I am very shook up…On the basis of payload and performance…it appeared that [the Russians] had solved the problem of precision positioning and that it must be assumed that we were sitting ducks…Everybody from the president on down was caught flat-footed by a degree of Russian engineering achievement we had not suspected they were capable of.

Heinlein had been called earlier that day by a local paper looking for a comment. He didn’t pull any punches: “I told the press that if the Russians could put that payload in that orbit then it seemed extremely likely that they could hit us anywhere they wanted to with warheads—and any time, depending on whether they had the hardware on the shelf or had to stop to build it.”
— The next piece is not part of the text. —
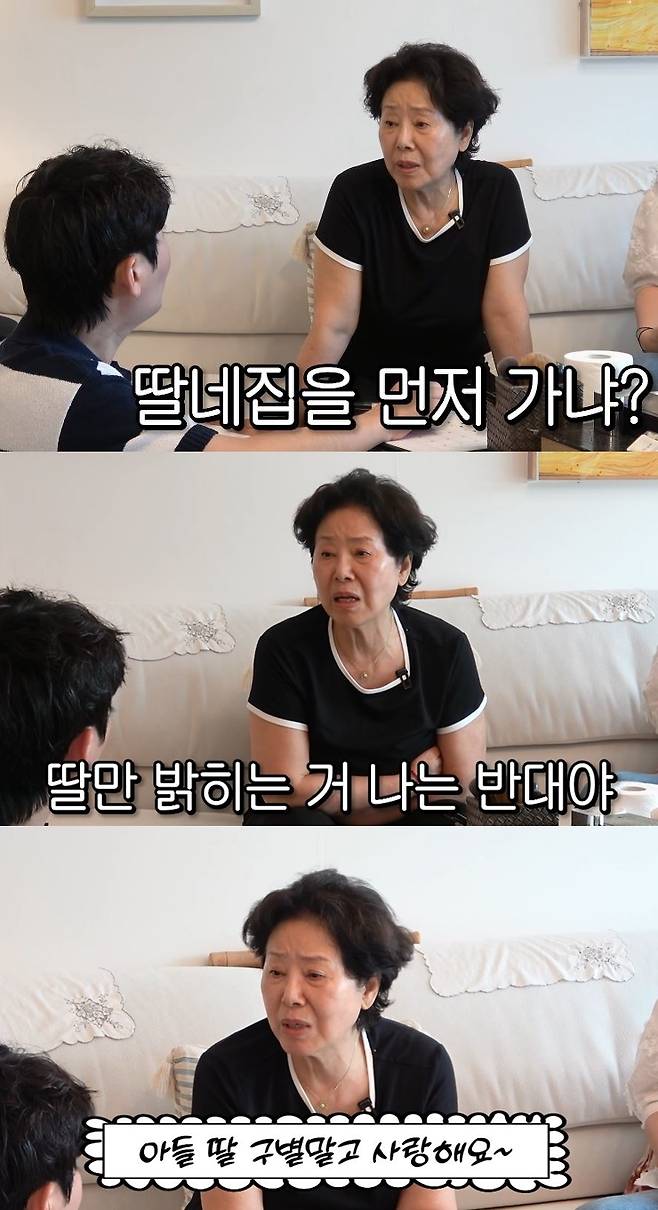 채널 ‘순풍 선우용여’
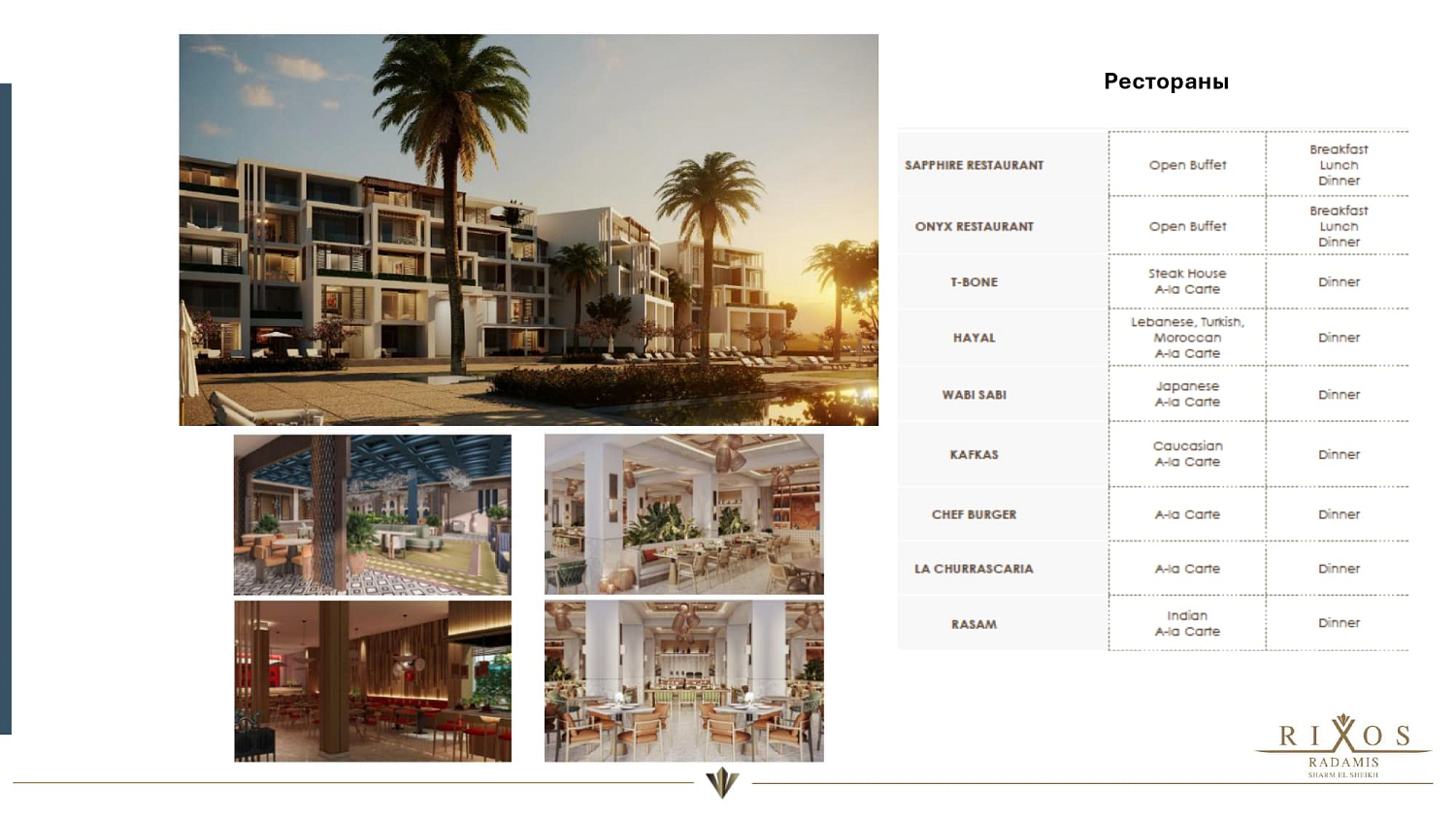 Rixos Radamis Sharm el Sheikh (Beach, Tirana, Blue Planet 5* / Египет / Шарм-эль-Шейх / Набк Бэй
Almost exactly six months later, on April 5, 1958, Heinlein was shaken awake by his wife Ginny, who showed him a newspaper advertisement calling for a unilateral halt to nuclear testing. (It was placed by the Committee for a Sane Nuclear Policy, which was founded by the editors Lenore Marshall and Norman Cousins and counted Martin Luther King, Jr. among its supporters.) Heinlein, who didn’t trust the Soviet Union to participate in any treaty in good faith, wrote his own ad in response, titling it “Who Are the Heirs of Patrick Henry?” He strongly hinted that the ban’s proponents, including Eleanor Roosevelt and the psychiatrist Erich Fromm, were serving as instruments, knowingly or otherwise, of communist propaganda:

The Communists are again using our own people to try to shame or scare us into throwing our weapons away…Those who have signed this manifesto have made their choice; consciously or unconsciously they prefer enslavement to death. Such is their right and we do not argue with them—we speak to you who are still free in your souls.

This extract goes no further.